When the body experiences inflammation, an immune response that occurs during infection, stress, or illness, the kynurenine pathway is pushed towards producing more neurotoxic chemicals. Prolonged inflammation appears to activate factors that convert tryptophan into kynurenine and ultimately into neurotoxic byproducts. This shift can lead to brain tissue damage, decrease serotonin levels, and contribute to depressive symptoms.
In adults with depression, research has shown an imbalance in this pathway, with more neurotoxic than neuroprotective chemicals being produced. Therefore, our IDEA project uniquely aimed to investigate if a similar imbalance occurs in adolescents, and if there are notable differences between males and females.
A gendered pathway to depression
Measuring kynurenine pathway products, we found that adolescents with a higher risk for depression or a current diagnosis of depression had lower levels of kynurenic acid, the neuroprotective compound. This reduction was most evident in female adolescents, suggesting that females might be more vulnerable to the harmful effects of an imbalanced kynurenine pathway during adolescence, potentially explaining why females experience depression at higher rates, especially during adolescence when hormonal changes may further intensify these effects.
In addition, our study looked at inflammatory markers, specific proteins that indicate the body is in an inflammatory state. We found that higher levels of these inflammatory markers were linked to increased production of neurotoxic chemicals in the kynurenine pathway. Notably, this association was found in adolescents at high-risk or with depression, but not in low-risk adolescents. This suggests that inflammation might drive the kynurenine pathway toward producing neurotoxic chemicals, increasing the risk of depression.
Moreover, in the follow-up three years later, our study showed that female adolescents with persistent depression had higher levels of neurotoxic metabolites than those who recovered over time, suggesting that increased neurotoxic activity could make depression harder to overcome for some adolescents. Therefore, measuring kynurenine pathway chemicals in adolescence could potentially help identify those at risk of persistent depression, particularly in females.

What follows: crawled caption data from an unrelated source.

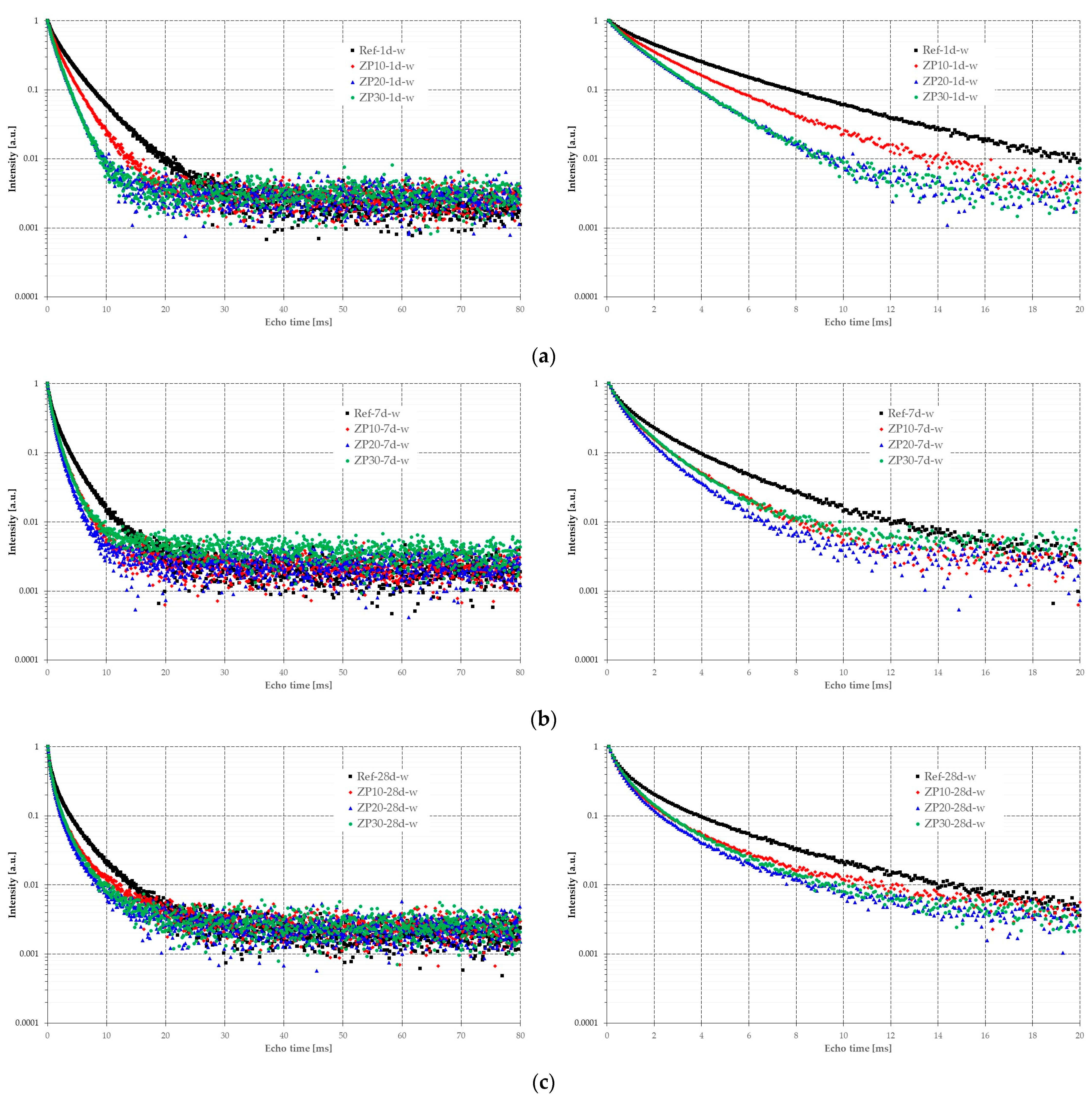 Materials 16 04500 g009 Materials 16 04500 g009
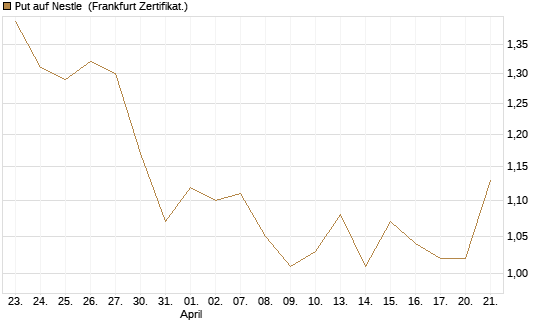 Put auf Nestle [Vontobel] Chart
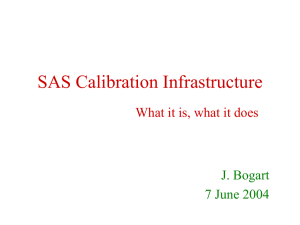 SAS Calibration Infrastructure J. Bogart 7 June 2004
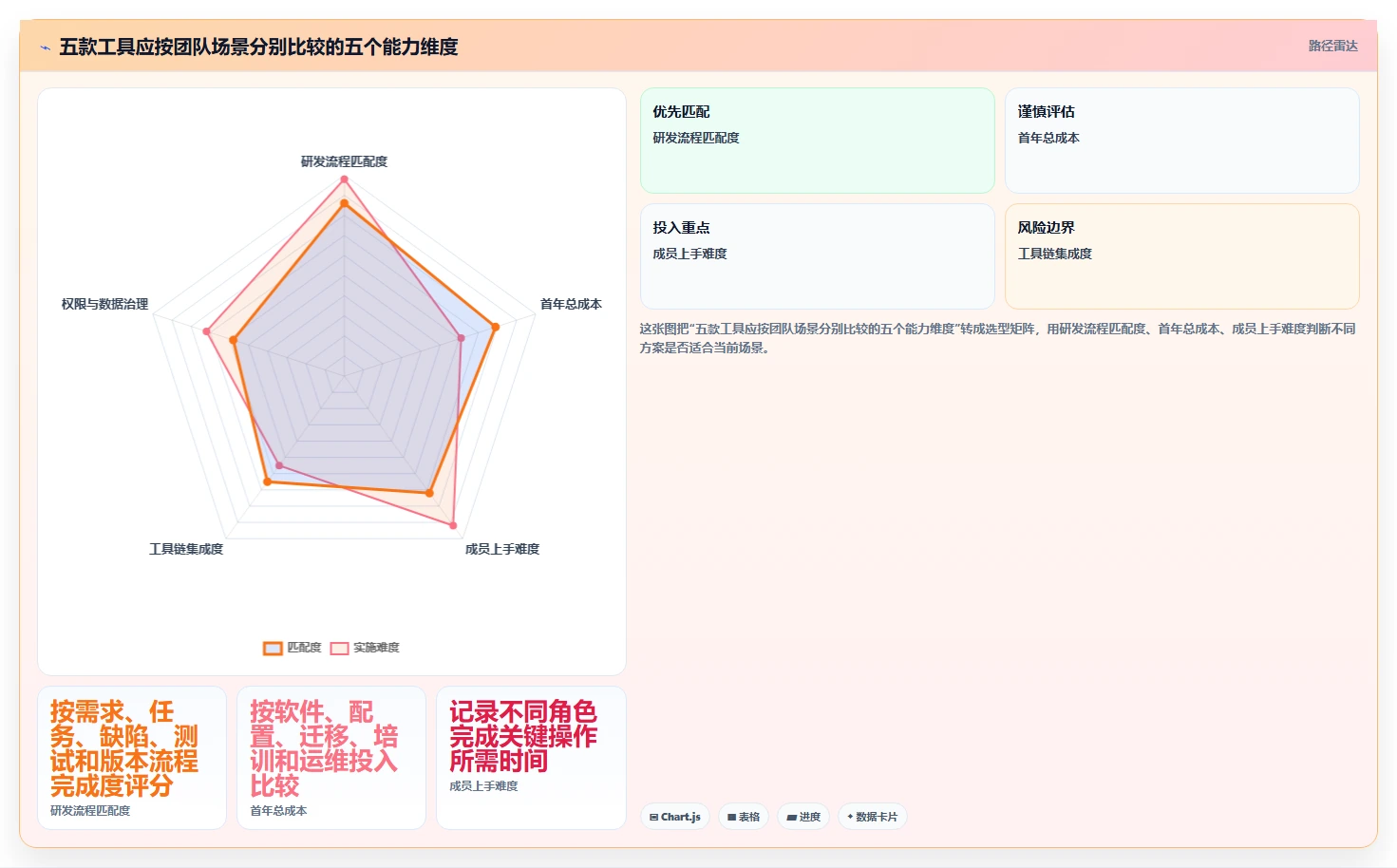 2026低成本的研发管理软件选哪款更合适：五款工具测评与选型指南
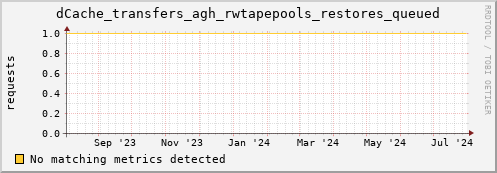 eel8.mgmt.grid.surfsara.nl dCache_transfers_agh_rwtapepools_restores_queued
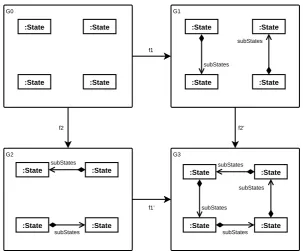 Figure 2: Invalid pushout of graphs with containment edges. A State node in the result graph G3has two containers.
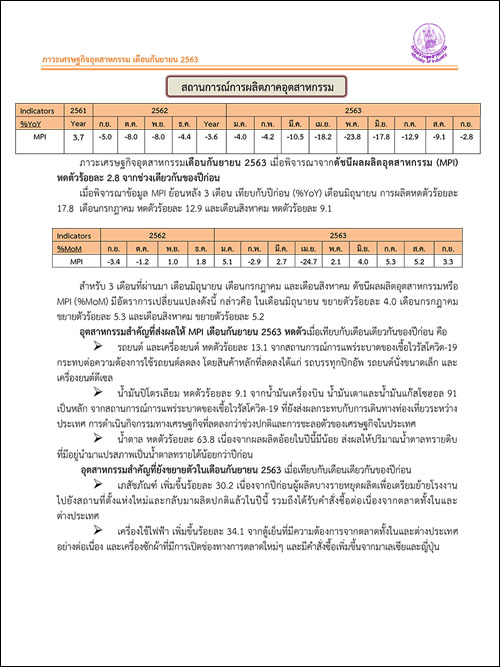 ภาวะเศรษฐกิจอุตสาหกรรม เดือนกันยายน 2563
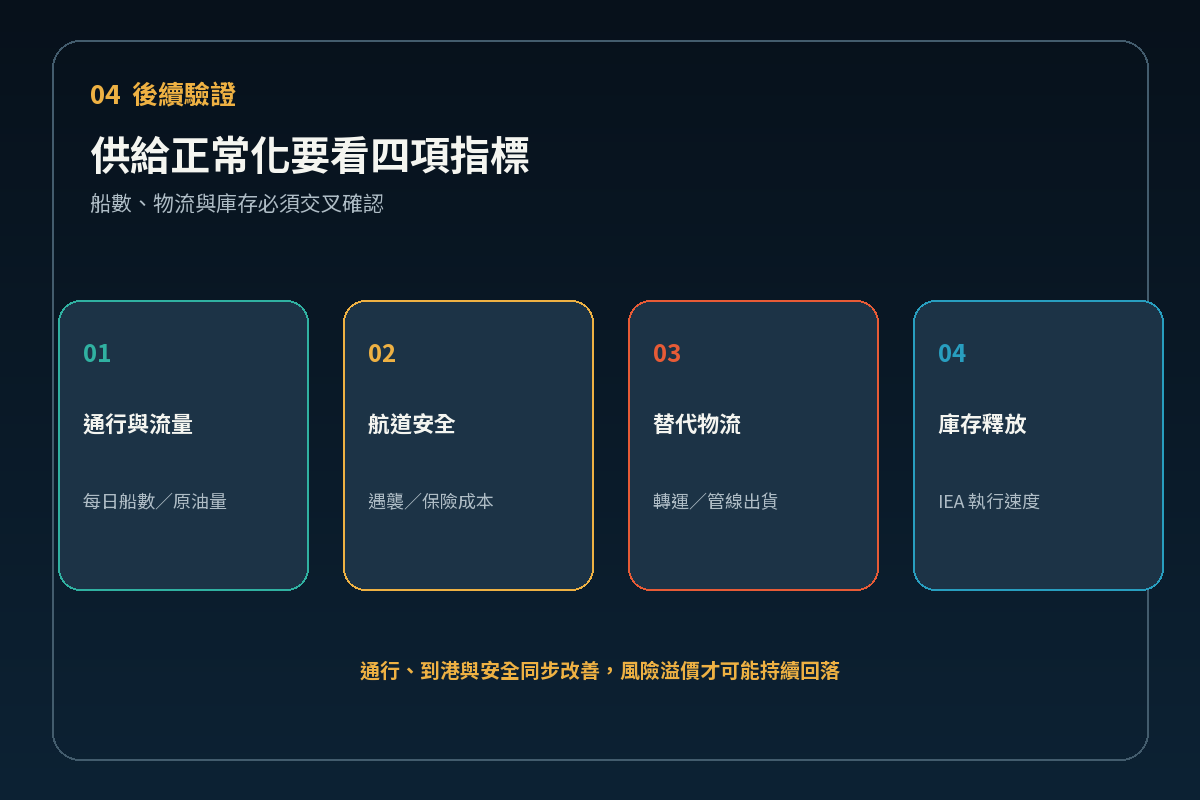 荷莫茲供給正常化的四項觀察指標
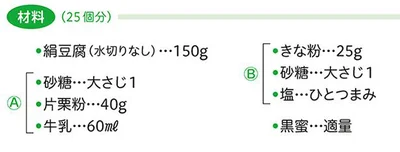 材料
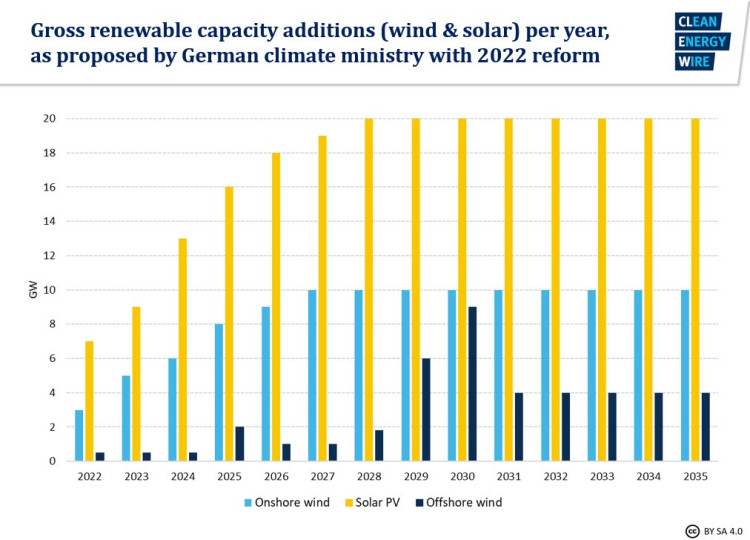 “气候危机纪元”或至,我们该怎么办? 第9张-心情说说 图源:德国能源转型计划|图源:cleanergywire.org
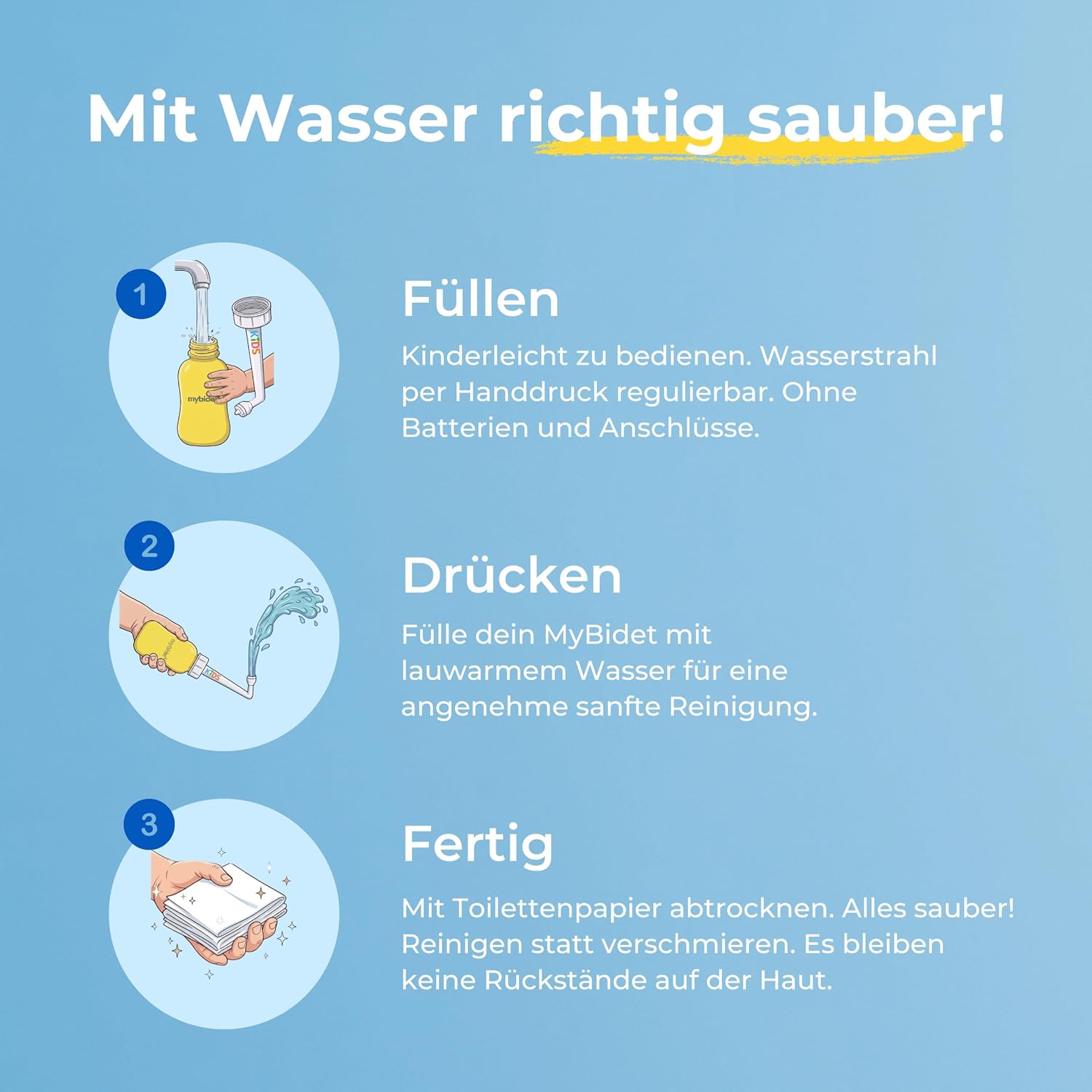 Anleitung mybidet KIDS: Füllen, Drücken, Fertig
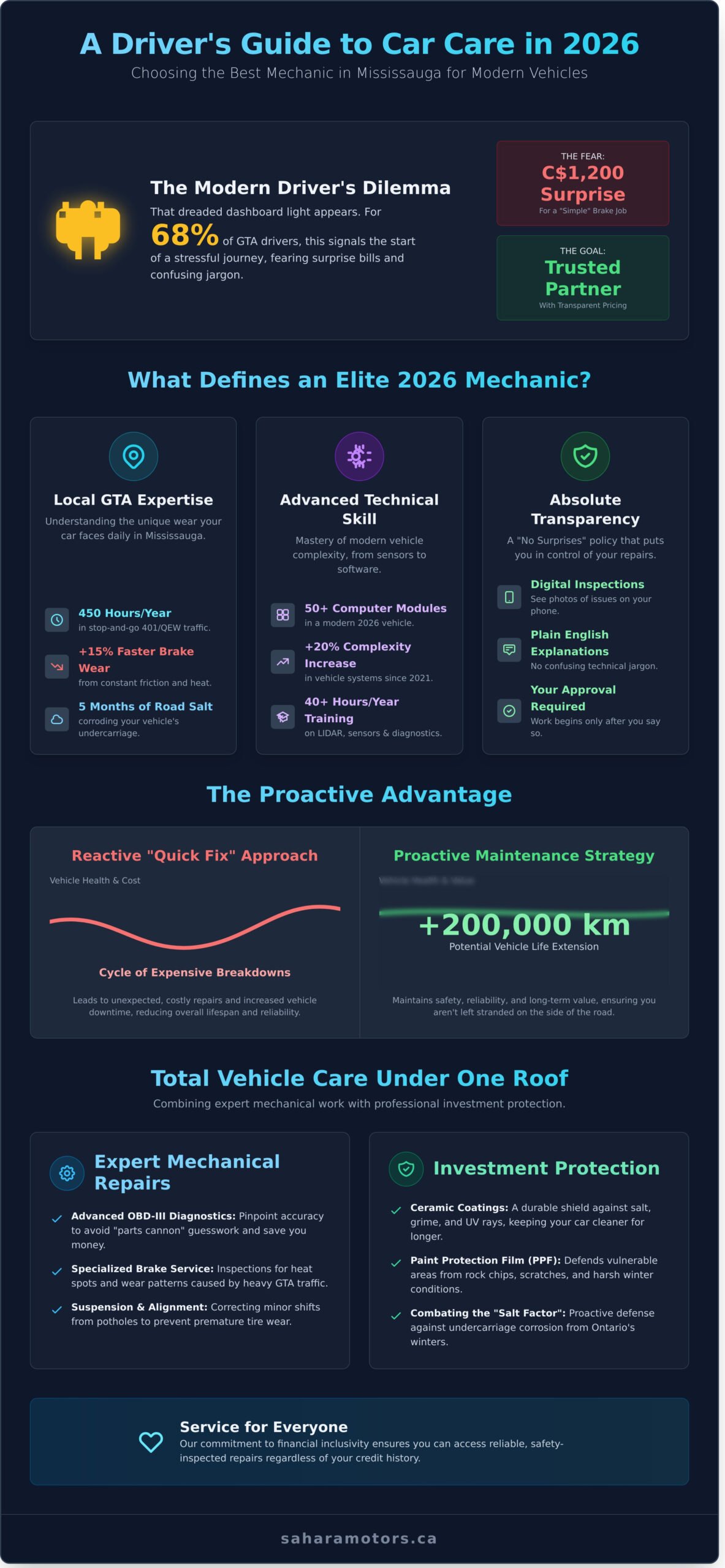 Best Mechanic in Mississauga: How to Find Reliable Auto Repair in 2026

Implications for treatment and prevention
The findings from this study suggest that targeting the kynurenine pathway could provide a more personalized treatment for female adolescents struggling with depression. Reducing inflammation or shifting the kynurenine pathway back toward producing neuroprotective rather than neurotoxic metabolites may help prevent the progression or chronic nature of depression, particularly in females. New treatment strategies or lifestyle changes such as dietary interventions or therapies that restore the balance between neuroprotective and neurotoxic chemicals could offer new avenues for treating depression.